Based on actual VRAM measurements (bf16 + AdamW):

Preset Params d_model n_layer d_state batch seq_len VRAM Status
small 112M 1024 16 64 2 512 ~5.6GB ✅ 舒适
medium 306M 1536 20 64 1 256 ~7.2GB ✅ 推荐
large 367M 1536 24 64 1 256 ~8.6GB ⚠️ 极限

Effective batch size = batch × grad_accum (default grad_accum=16 for all presets).

# Train 306M model on TinyStories (auto-downloads)
python train.py --dataset tinystories --preset medium --epochs 3

# Quick experiment with 112M on custom text
python train.py --dataset custom --data-path myfile.txt --preset small --epochs 5

# Wikitext-103 benchmark
python train.py --dataset wikitext --preset medium --epochs 5

# Resume training
python train.py --dataset tinystories --preset medium --resume checkpoints/best.pt

# Full custom config
python train.py --dataset tinystories --d-model 1024 --n-layer 16 --d-state 64 \
    --batch-size 2 --seq-len 512 --grad-accum 8 --learning-rate 3e-4 --epochs 3

# With W&B logging
python train.py --dataset tinystories --preset medium --wandb --wandb-project my-mamba3

Text Generation

python generate.py --checkpoint checkpoints/best.pt \
    --prompt "Once upon a time" --max-tokens 200 --temperature 0.8

Custom Training Code

import torch
from mamba3_ssm import MambaLMHeadModel, MambaConfig, CONFIGS

# Use a preset or define your own config
cfg = CONFIGS["medium"]  # dict with d_model, n_layer, etc.
model = MambaLMHeadModel(MambaConfig(
    d_model=cfg["d_model"],
    n_layer=cfg["n_layer"],
    vocab_size=10000,
    ssm_cfg={"d_state": cfg["d_state"], "expand": 2, "headdim": 64,
             "is_mimo": True, "mimo_rank": 4},
)).cuda()

optimizer = torch.optim.AdamW(model.parameters(), lr=3e-4)
print(f"Params: {sum(p.numel() for p in model.parameters()):,}")

Core Ideas

1. Exponential-Trapezoidal Discretization

Mamba-2 used Zero-Order Hold (first-order). Mamba-3 uses the trapezoidal rule:

h_t = exp(A·dt_t) · h_{t-1} + dt_t · σ(trap_t) · (B_t·x_t + B_{t-1}·x_{t-1}) / 2

Learned trap gate blends between Euler (trap≈0) and full trapezoidal (trap≈1).

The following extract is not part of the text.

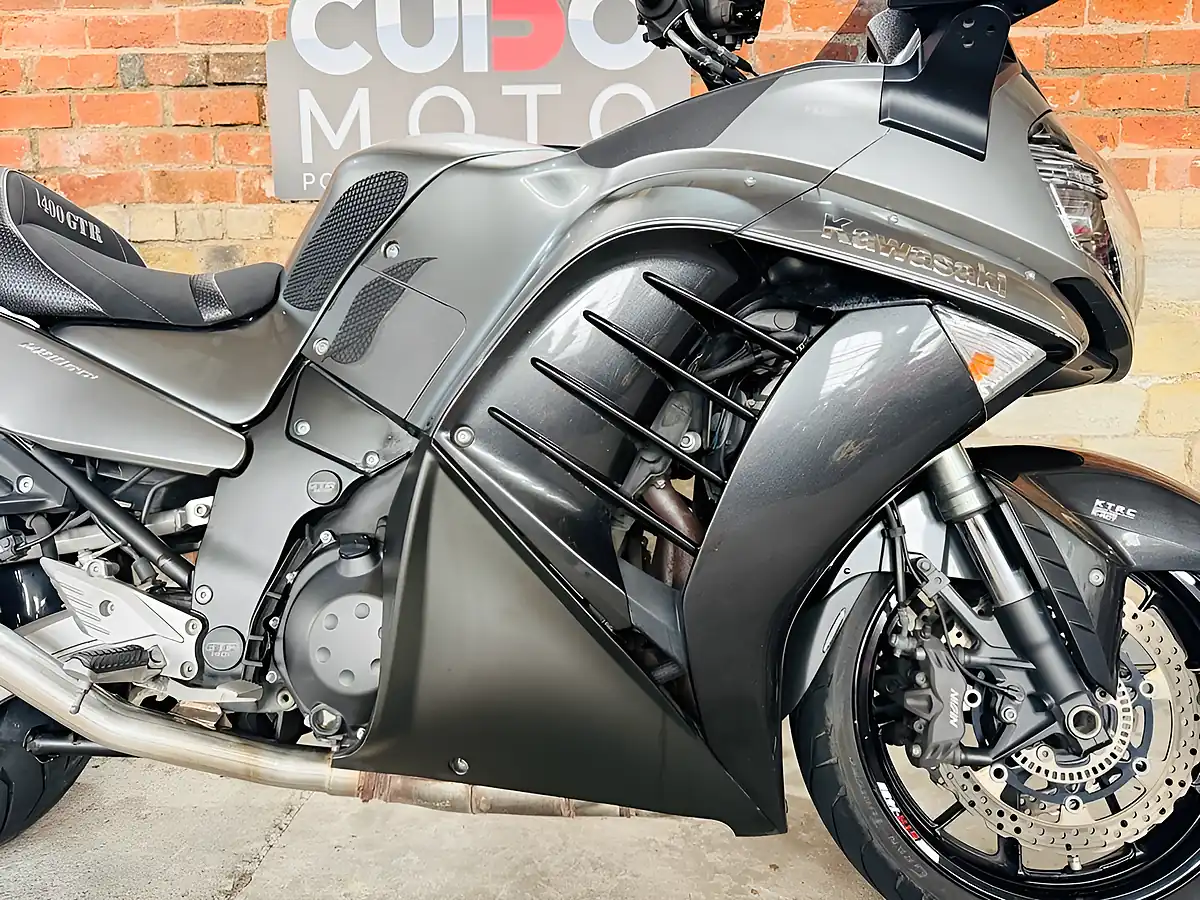 Used 2016 Kawasaki 1400gtr Grey - Interior and Exterior details 7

2. Complex-Valued (Rotary) State Space

Applies RoPE to B and C projections, giving the state an effective complex-valued structure for tracking phase-dependent dependencies.

3. MIMO Formulation

Reuses a shared (H, D) state for R rank streams instead of SISO's (H, P, D) outer product:

SISO MIMO
State shape (H, P, D) (H, D)
Decode FLOPs/byte Low (memory-bound) R× higher

API Reference

Mamba3(d_model, d_state=128, expand=2, headdim=64, ngroups=1, rope_fraction=0.5, is_mimo=False, mimo_rank=4)

Method Description
forward(u) (B, L, d_model)(B, L, d_model)
step(u, angle, state, prev) Single decode step, returns updated states
allocate_inference_cache(B) Allocate zero states for decoding

MambaLMHeadModel(config)

Field Default Description
d_model 2560 Hidden size
n_layer 64 Number of blocks
vocab_size 50277 Padded to multiple of 8
ssm_cfg {} Passed to Mamba3
d_intermediate 0 SwiGLU MLP (0 = disabled)
tie_embeddings True Tie LM head to embedding

Exports

from mamba3_ssm import (
    Mamba3, MambaLMHeadModel, MambaConfig, SSMConfig,
    RMSNorm, apply_rope, ssm_scan_siso, ssm_scan_mimo,
    CONFIGS,  # RTX 4060 benchmarked presets
)

Testing

python -m mamba3_ssm.tests

10/10 checks: shapes, numerical consistency (step-by-step == forward), gradient flow, parameter counting, edge cases.

Project Structure

mamba3_ssm/          # pip installable package
├── __init__.py      # Public API
├── config.py        # MambaConfig / SSMConfig
├── ops.py           # RMSNorm, RoPE, SSM scans
├── layer.py         # Mamba3 module (forward + step)
├── block.py         # MambaBlock, MambaLMHeadModel
├── presets.py       # RTX 4060 benchmarked configs
├── tests.py         # 10 sanity checks
└── utils.py         # Parameter counting

train.py             # Training script
generate.py          # Text generation
docs/
├── API.md           # Full API reference
└── TRAINING.md      # Training guide with tips

RTX 4060 Laptop Tips

  • bf16 is enabled automatically on RTX 40-series — no config needed
  • MIMO gives ~20% speedup in decode over SISO
  • d_state=64 is the sweet spot for 8GB; go to 128 only if you reduce d_model
  • grad_accum lets you simulate large batches without extra VRAM
  • If OOM: reduce seq_len first (512→256→128), then d_model

Hardware Requirements

Component Minimum Recommended
GPU VRAM 4 GB 8 GB
RAM 8 GB 16 GB
Disk 1 GB 5 GB (with datasets)

Tested on RTX 4060 Laptop (8GB), PyTorch 2.6+cu124.

Dependencies

torch>=2.0
einops>=0.7

Optional: datasets for auto-downloading TinyStories/Wikitext, wandb for logging.

Changelog

v0.1.1 (2026-05-31)

  • Add --preset flag to train.py (small/medium/large) benchmarked on RTX 4060 8GB
  • Fix default config to fit 8GB VRAM (d_state=64, bs=1, seq_len=256)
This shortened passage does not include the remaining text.